§ Exercise details
Would you transcribe exactly the lines from the one containing "Dazzle Dots 2" to the last line of the data below, both ends included, but none of the pictures?

Data supplied START

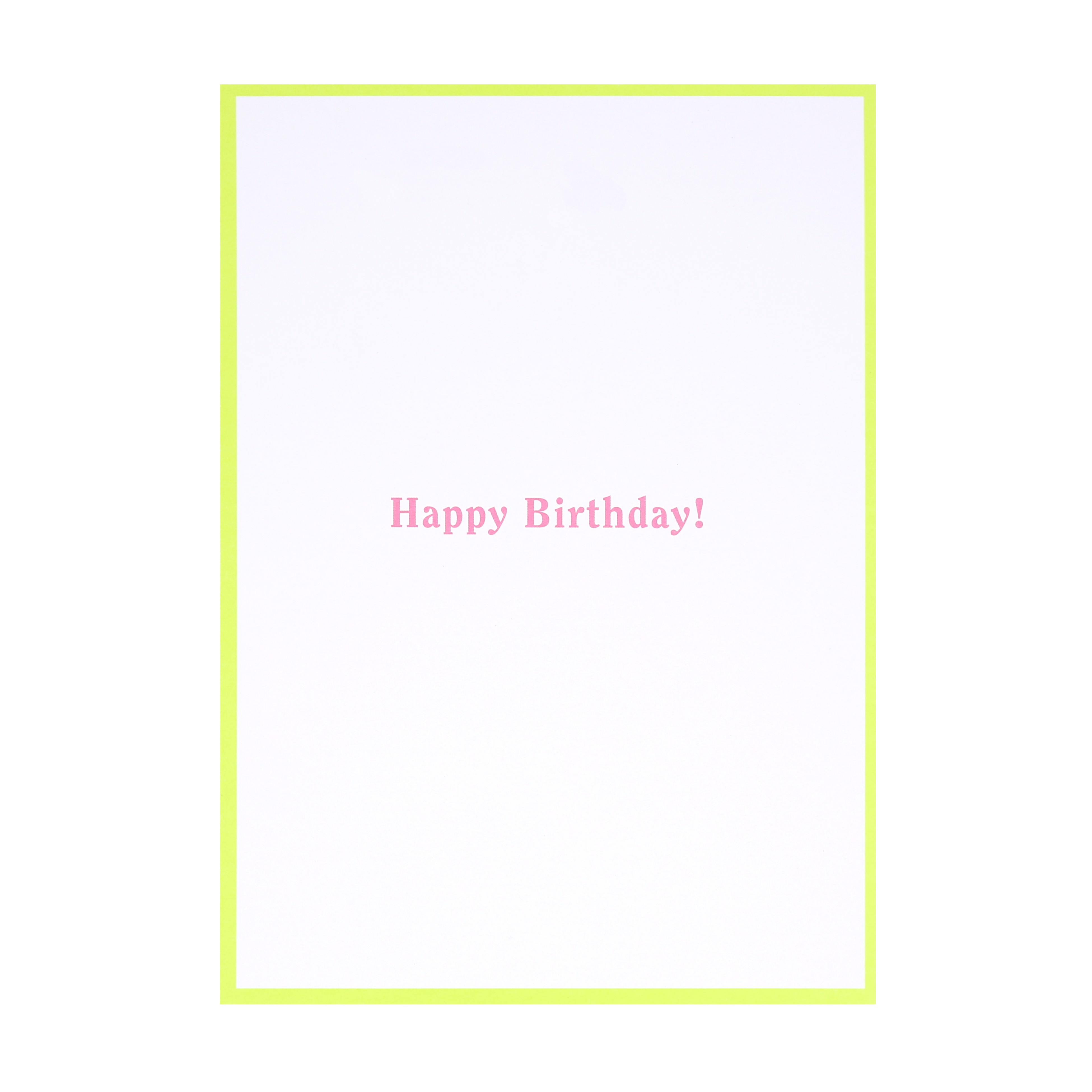 Grußkarte, Geburtstag, Karte, Pinkfarbene Schrift, Neonrand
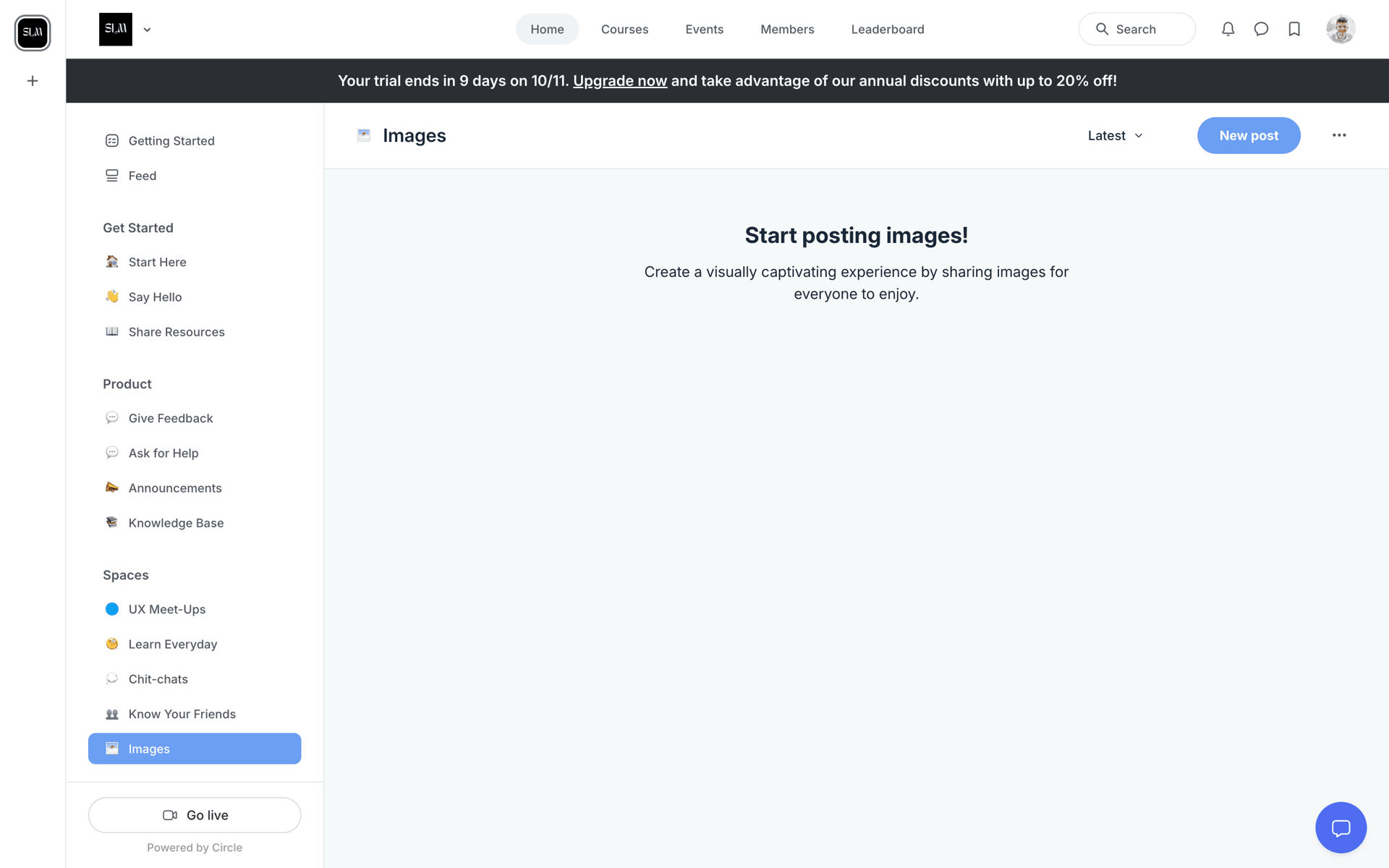 Circle Web Social Networking interface screenshot 7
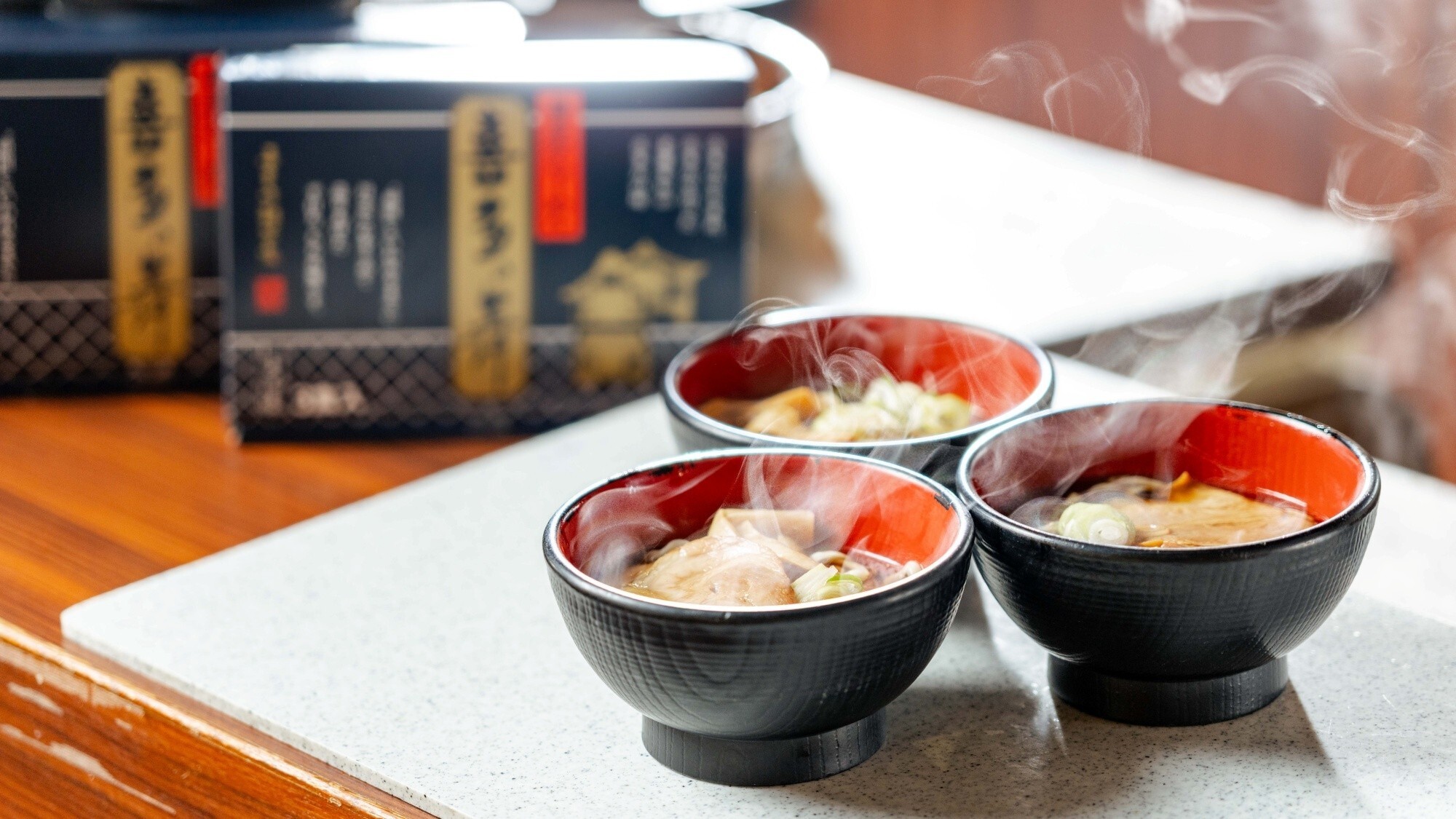 ■＜朝食ビュッフェ＞朝ラーメン※一例です。仕入れ状況等により変更になる場合がございます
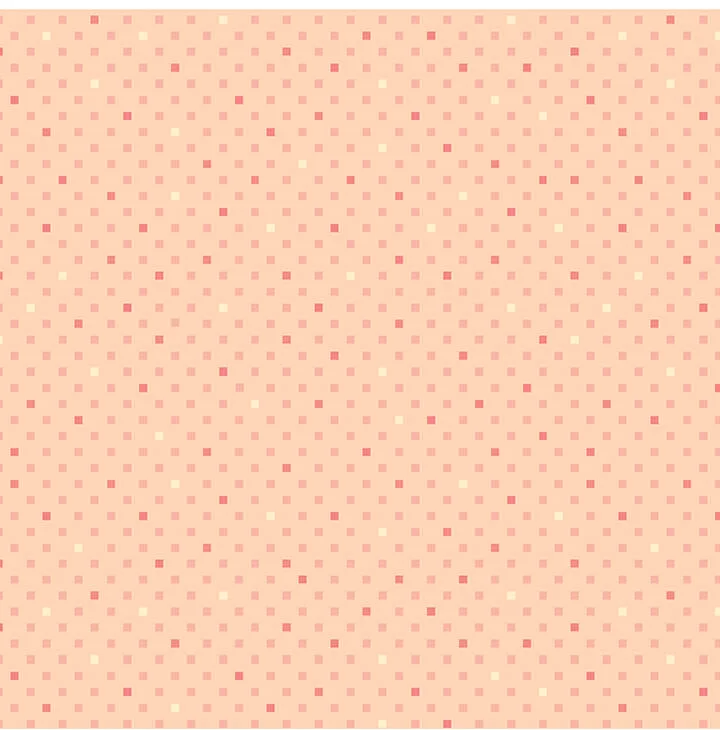 Dazzle Dots 2 - Dazzling Squares - Light Peach
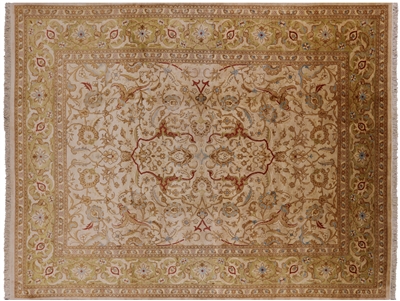 Ivory Handmade Peshawar Wool Rug 9' 3" X 12' 0" - P2548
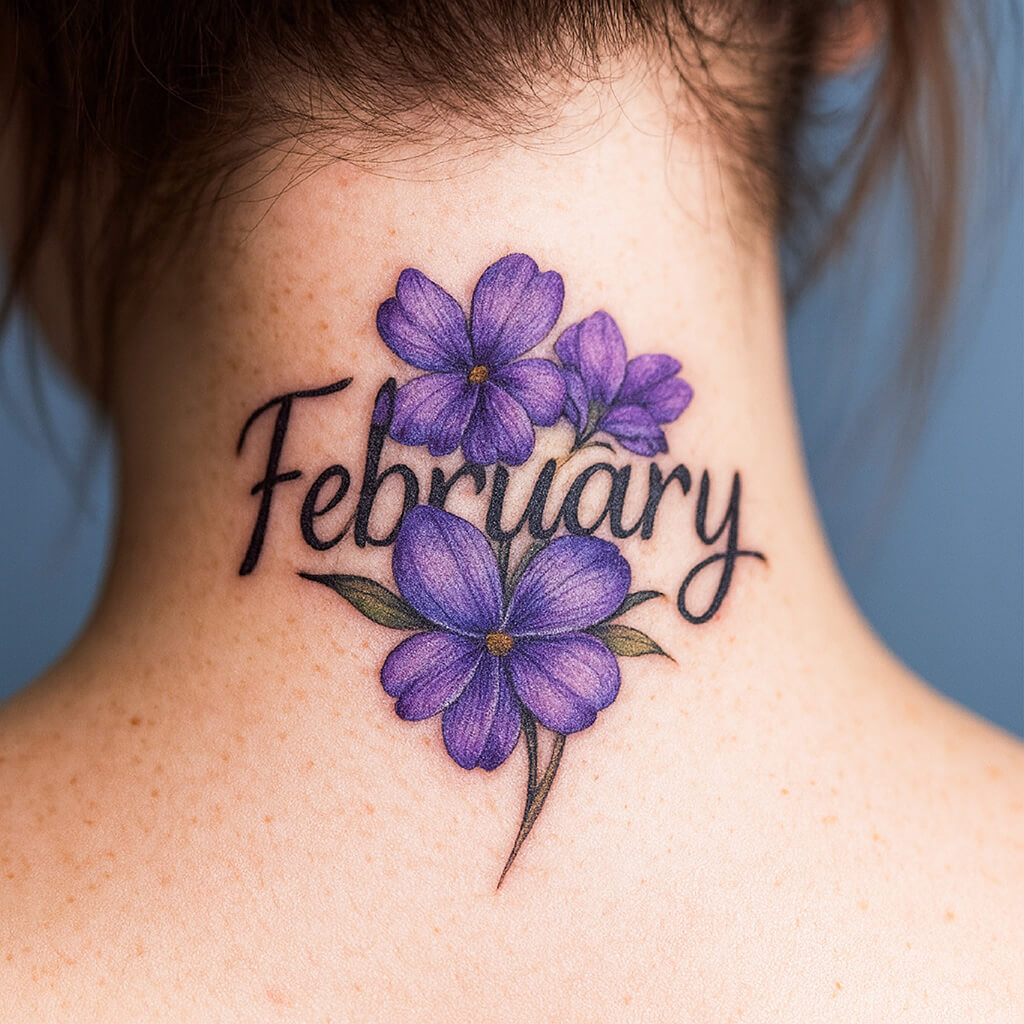 February Birth Flower  – Violet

Data supplied END

§ Completed task
 Dazzle Dots 2 - Dazzling Squares - Light Peach
 Ivory Handmade Peshawar Wool Rug 9' 3" X 12' 0" - P2548
 February Birth Flower  – Violet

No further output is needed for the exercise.